И поэтому, возвращаясь к неожиданно скрипнувшей двери, мы не станем, повторяю я, утверждать... Однако не станем и отрицать, так как самому серьезному повествованию никогда не повредит некая доза таинственности.
Тем не менее мы вполне можем обойтись и без двери, и без тени, и без прочих дискредитирующих нас в глазах современного читателя обветшалых аксессуаров. Ибо из житейского опыта нам известно, что любовь притупляет нашу проницательность, и так именно случилось с Женей Горожанкиным, а ненависть, наоборот, ее оттачивает, совершенствует и заостряет до беспредельности,– так именно случилось с Ритой Гончаровой.
Рита Гончарова не любила Таню Ларионову. Больше того,– она ее ненавидела, по довольно ясным причинам. Но это ей не мешало с тех пор, как Таня сделалась самым известным в школе человеком искать с Таней близости, даже дружбы. Маша Лагутина, вернейшая Танина подруга, из-за чрезмерной застенчивости отошла куда-то в сторону, зато Рита сопровождала Таню на различные встречи, помогала к ним готовиться, сама, случалось, произносила вступительное или заключительное слово, где особенно подчеркивала Танину скромность и приводила яркие, поучительные примеры из Таниной жизни. Рита забегала к Тане домой, они вместе учили уроки, болтали о всяких пустяках и перечитывали письма, которые Таня продолжала получать из ближних и дальних городов, а также из сельской местности. Писем этих было так много, что Таня одна не смогла бы на них ответить, и она решила совсем не отвечать, но Рита сказала, что так не полагается, и сама составляла ответы, каждый отдавая Тане на подпись.
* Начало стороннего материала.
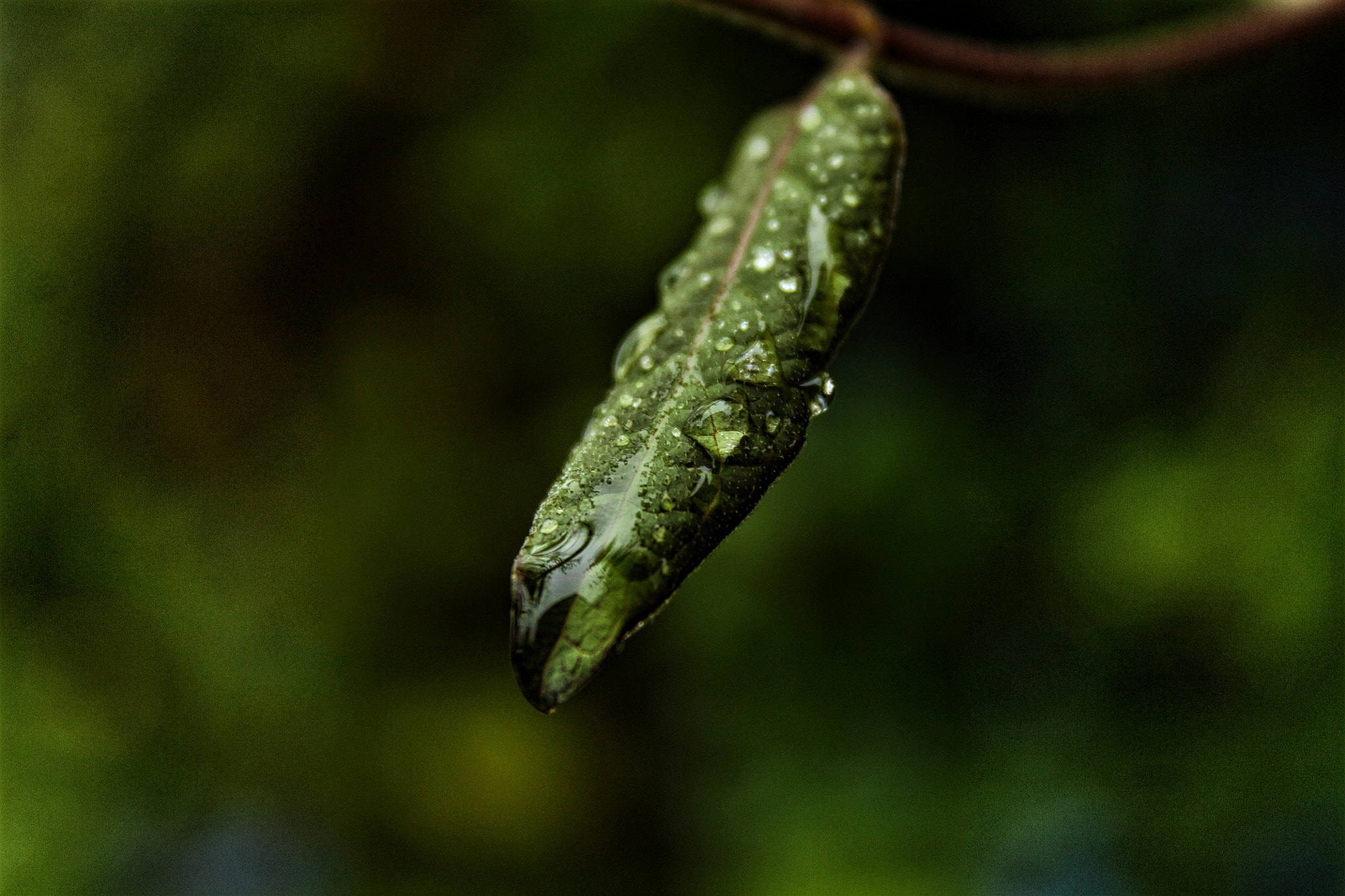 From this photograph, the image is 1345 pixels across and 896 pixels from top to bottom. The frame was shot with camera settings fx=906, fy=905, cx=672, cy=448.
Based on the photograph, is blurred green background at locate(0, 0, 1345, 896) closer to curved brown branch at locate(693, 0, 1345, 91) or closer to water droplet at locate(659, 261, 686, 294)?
curved brown branch at locate(693, 0, 1345, 91)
Все это не мешало, скорее помогало ей приглядеться к Тане, вникнуть, уловить незаметные движения Таниной души, сцепить, сопоставить и попытаться объяснить кое-какие факты и подозрения. И вот, наконец, она поняла, что Таня – совсем не то, за что она себя выдает и кем ее все считают. Это произошло как раз в тот день, точнее – вечер, когда в школе разыгралась история с КВН... Впрочем, тут возможно простое совпадение, и только. Ведь Рита узнала лишь то, о чем догадывалась и раньше, что подсказывала ей обостренная интуиция...
Так, по крайней мере, сказала она себе. Что же касается ненависти, которую она испытывала к Тане с давних пор, а тем более – что касается причин этой ненависти – в этом она не признавалась ни себе, ни... Да кто на ее месте сознался бы в таких подробностях?..
Нет, о ненависти теперь не могло быть и речи!..
Теперь Рита Гончарова любила, теперь она жалела, теперь она страдала за Таню Ларионову – как же могла она не пожалеть ее, представляя, что произойдет с нею дальше!..
Однако больше, чем Таню, она любила и жалела свою школу, и она страдала за ее опозоренную, поруганную честь! Но больше всего на свете она любила истину.
И вот какие странные и неожиданные приключения ждали ее на этом пути.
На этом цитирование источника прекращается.